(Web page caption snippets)
+===+
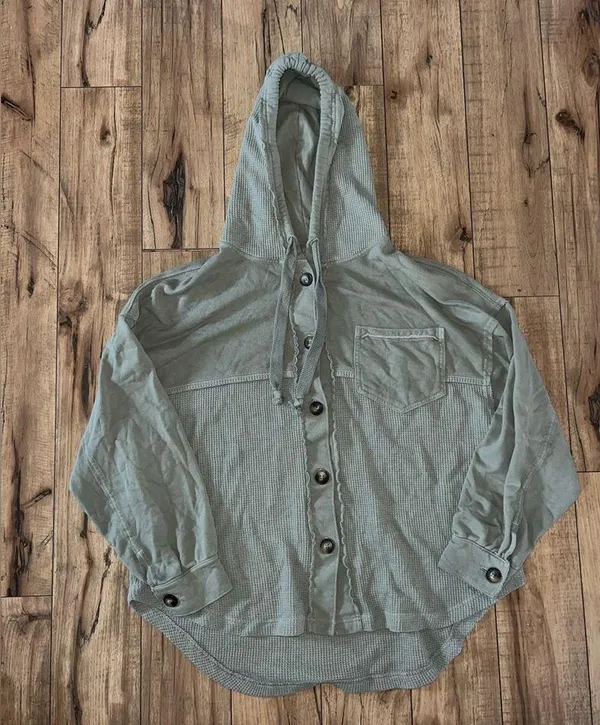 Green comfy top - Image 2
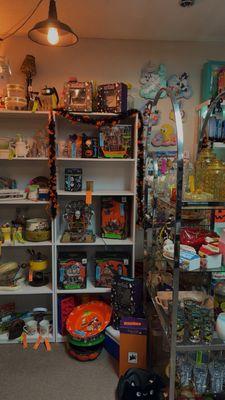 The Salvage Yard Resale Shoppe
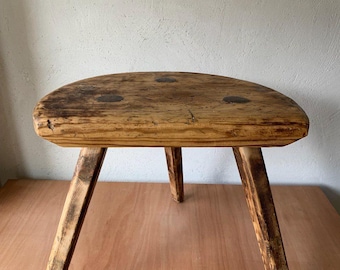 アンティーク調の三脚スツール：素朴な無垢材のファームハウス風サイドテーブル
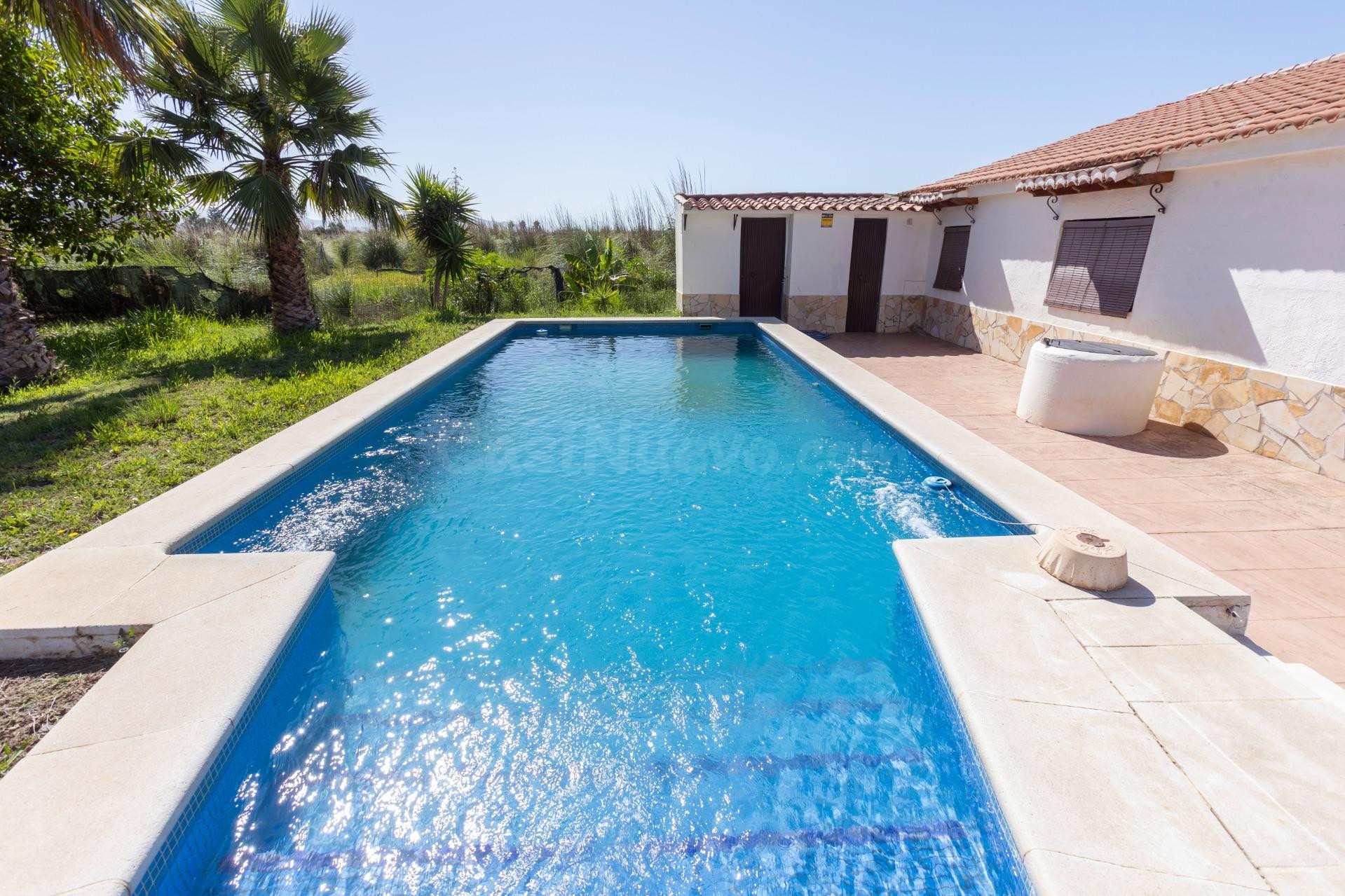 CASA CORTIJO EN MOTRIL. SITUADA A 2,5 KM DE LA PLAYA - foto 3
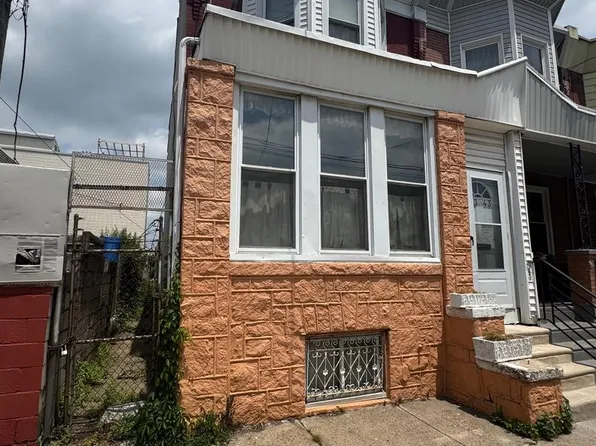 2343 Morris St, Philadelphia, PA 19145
+===+
## Assignment
Exact copy, pictures omitted: every line from the one holding "CASA CORTIJO EN" through the last line of the data above, and nothing else.

## Solution to this task
 CASA CORTIJO EN MOTRIL. SITUADA A 2,5 KM DE LA PLAYA - foto 3
 2343 Morris St, Philadelphia, PA 19145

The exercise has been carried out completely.